Gerst wird - im Gepäck ein Stückchen vom Kölner Dom, ein „Orbitherzchen“ der Stiftung Kinderherz und eine Deutschlandfahne - zusammen mit dem Russen Maxim Surajew und dem US-Astronauten Reid Wiseman zur ISS starten. Seit die USA ihre Space Shuttles 2011 eingemottet haben, müssen die Nasa-Astronauten in den russischen Kapseln mitfliegen. 50 Millionen Euro zahlen die USA für einen Platz, fast ebenso viel soll Gersts Flug kosten.
Sigmund Jähn war der erste Deutsche im Weltall.

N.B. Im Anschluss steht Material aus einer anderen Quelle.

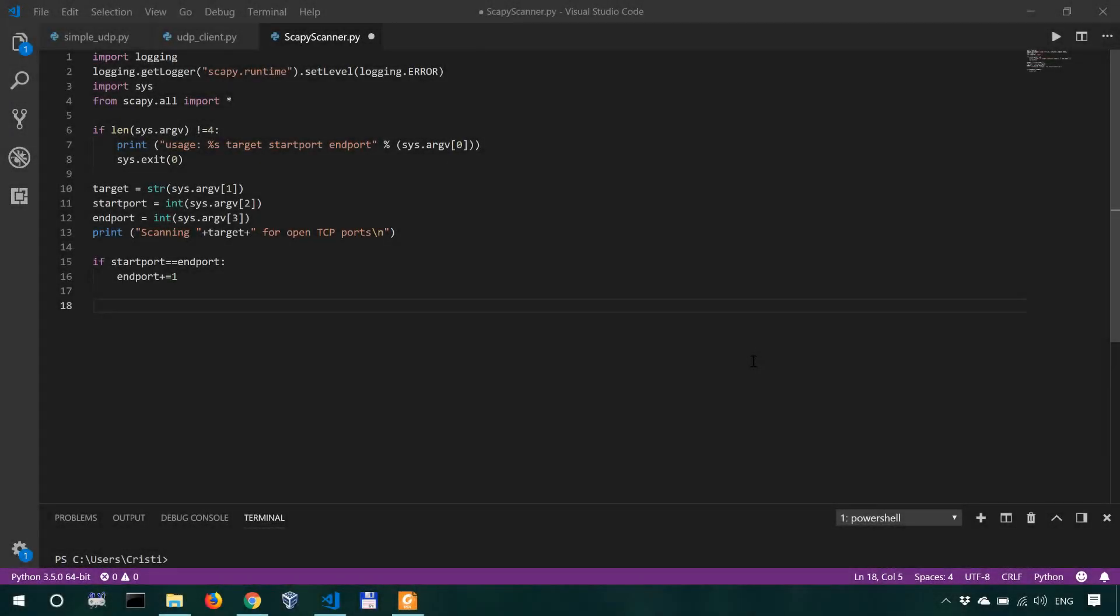Welcome back, fellas. So like I said in the previous video tutorial, this is where we're actually gonna code the most important part of this simple scanner in Scapy.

Am 26. August 1978 flog er als Kosmonaut der damaligen DDR zur sowjetischen Raumstation Saljut 6. Während seines einwöchigen Aufenthalts führte er zahlreiche Experimente durch.
1983 flog Ulf Merbold als erster westdeutsche Astronaut ins Weltraum. 1983 gehörte er mit mehreren NASA-Astronauten zur ersten Crew, die im Weltraumlabor Spacelab zahlreiche wissenschaftliche Versuche durchführte. Merbold umkreiste vom 28. November bis zum 8. Dezember 1983 die Erde. und flog später noch zwei weitere Male ins All: (1992 und 1994).
Reinhard Furrer war ein deutscher Wissenschafts-Astronaut, der 1985 im Rahmen der sogenannten D-1 Mission zahlreiche Versuche in Schwerelosigkeit durchführte. Dabei umrundete die US-Raumfähre Challenger vom 30. Oktober bis zum 6. November 1985 über 100 Mal die Erde. Es war der letzte Flug der Challenger: Beim darauf folgenden Start explodierte die Raumfähre mit sieben amerikanischen Astronauten an Bord. Reinhard Furrer starb 1995 bei einem Flugzeugabsturz.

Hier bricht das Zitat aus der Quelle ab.